Task – Using the data below, set down every line from the one containing "Molecules 28 05489 g003 Molecules" through the one containing "TPI PB and PBS Specsheet", inclusive and unchanged. Pictures are to be skipped.

BEGIN

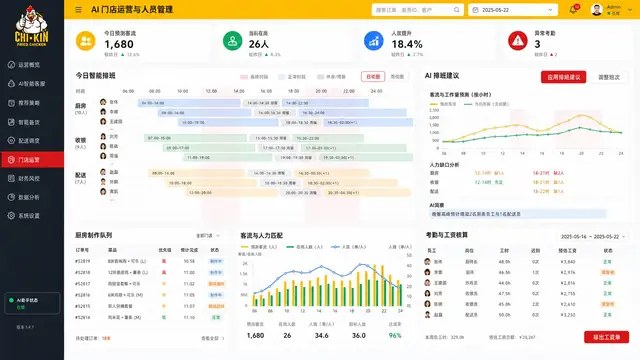 AI 门店运营与人员管理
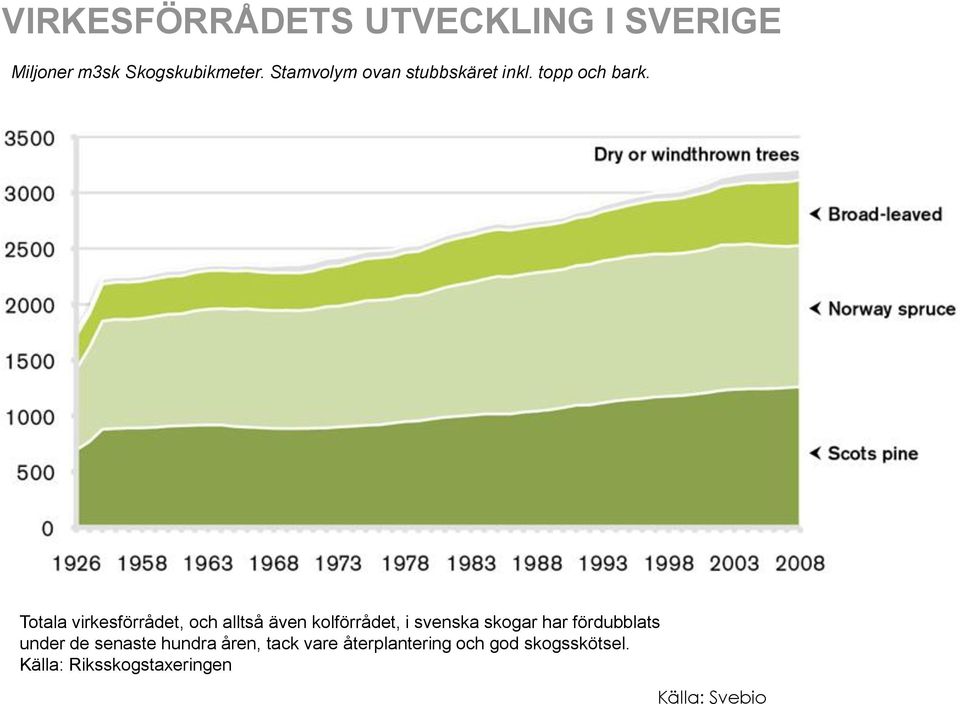 Totala virkesförrådet, och alltså även kolförrådet, i svenska skogar har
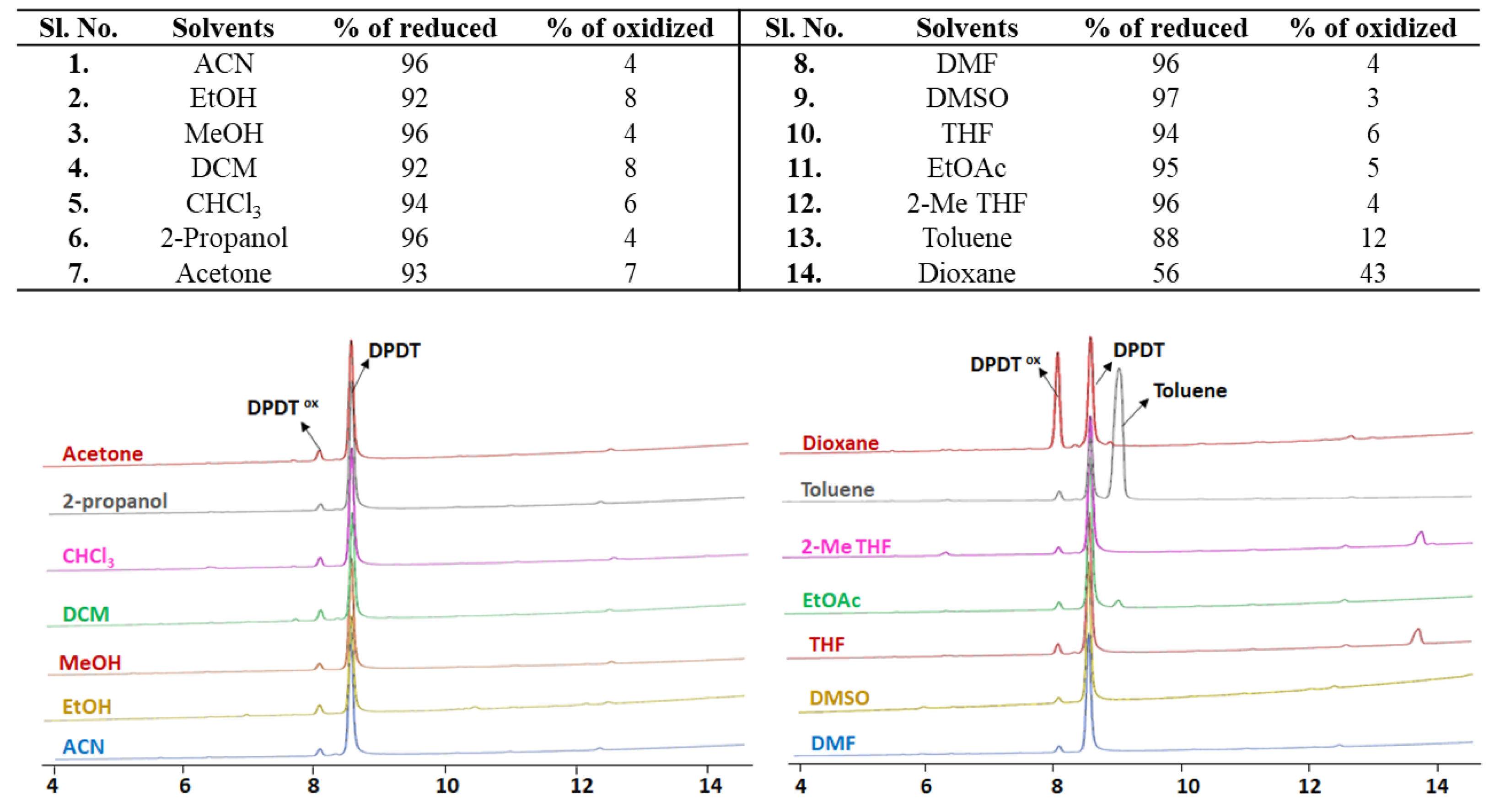 Molecules 28 05489 g003 Molecules 28 05489 g003
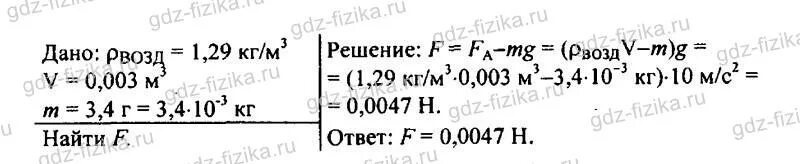 Аэростат 2000 м3 наполнен водородом вес. Радиозонд объемом 10 м наполнен водородом какого веса радиоаппаратуру. радиозонд наполнен водородом. радиозонд объемом 10 м3 наполнен водородом какого. радиозонд объёмом 10 м.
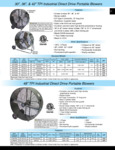 TPI PB and PBS Specsheet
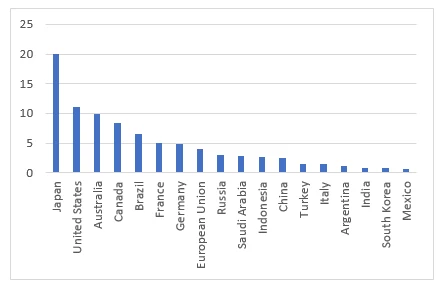  Figure 2. Size of COVID-19 stimulus packages as share of GDP (%)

END

Expected output –
 Molecules 28 05489 g003 Molecules 28 05489 g003
 Аэростат 2000 м3 наполнен водородом вес. Радиозонд объемом 10 м наполнен водородом какого веса радиоаппаратуру. радиозонд наполнен водородом. радиозонд объемом 10 м3 наполнен водородом какого. радиозонд объёмом 10 м.
 TPI PB and PBS Specsheet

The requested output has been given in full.